PROVIDED ENTRIES
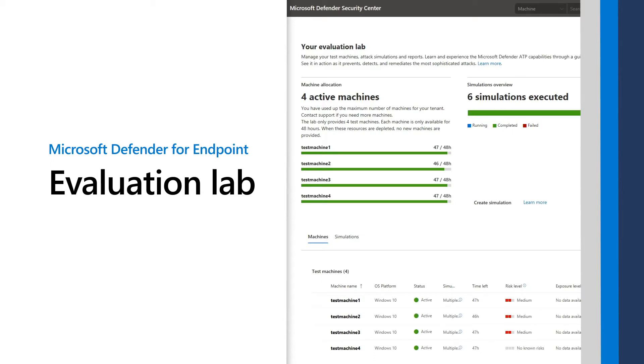Evaluating endpoint security solutions is challenging. However, you can skip the complex proof-of-concept configuration and jump right into attack simulations by using the Evaluation Lab in Microsoft Defender for Endpoint. This video shows how to set it up, run attack simulations, and review the results.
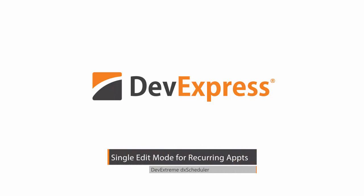In this video, I'll go over our DX scheduler on a simple webpage. I'll show you how to edit separate recurrent appointments.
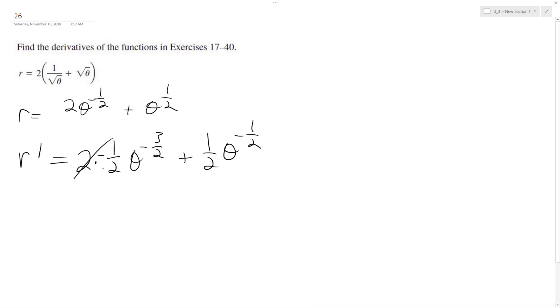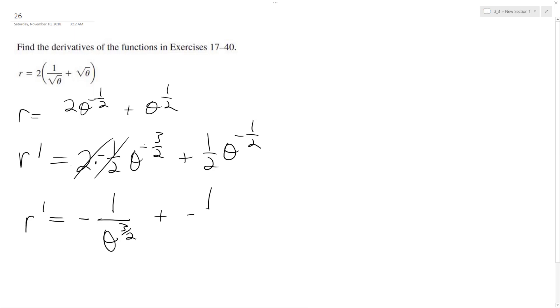So the negative 1 half and the 2 cancel out, and we're left with negative 1. Since this is raised to the negative 3 halves, I can put this on the bottom, plus 1 over—oh, and I forgot to distribute the 2 over here. So the 2 and the 1 half cancel out, so we're left with 1 over theta raised to the 1 half, or the square root of theta, either way.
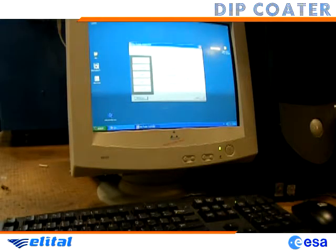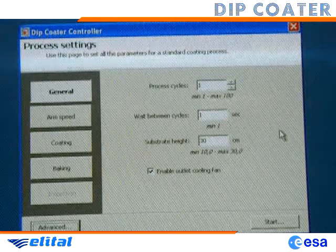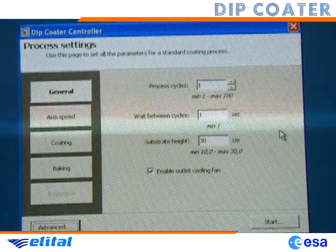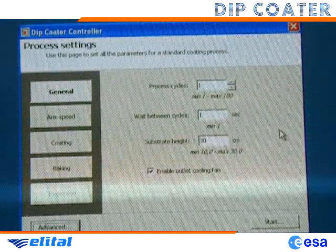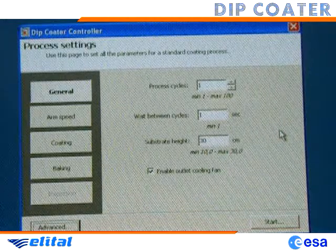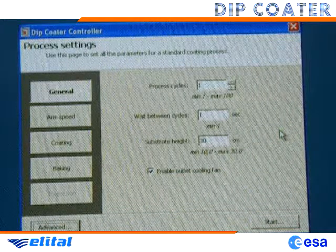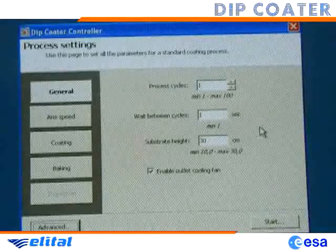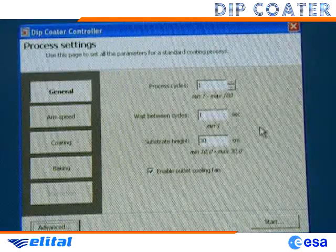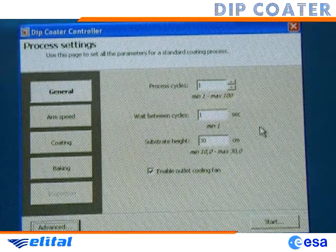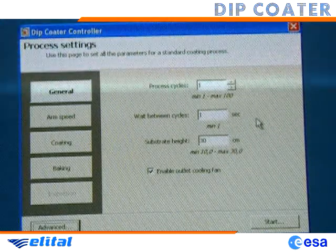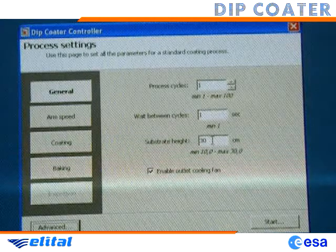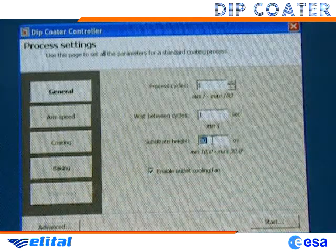We are now setting up a test coating process. This is the basic process configuration window of the Deep Coater Controller software, shown as it appears in the first execution. For a single cycle process, we only have to set the height of the substrate. In this example, we can leave the default value of 30 cm.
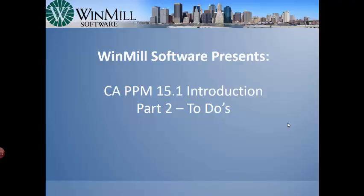Windmill Software presents an introduction to CAPPM version 15.1, part 2: To-Dos.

WORK INSTRUCTION
Repeat, exactly and in full, each line from the start of the data to the line that contains "In this video, I'll". Pictures do not go in.

OUTPUT OF THE TASK
Evaluating endpoint security solutions is challenging. However, you can skip the complex proof-of-concept configuration and jump right into attack simulations by using the Evaluation Lab in Microsoft Defender for Endpoint. This video shows how to set it up, run attack simulations, and review the results.
In this video, I'll go over our DX scheduler on a simple webpage. I'll show you how to edit separate recurrent appointments.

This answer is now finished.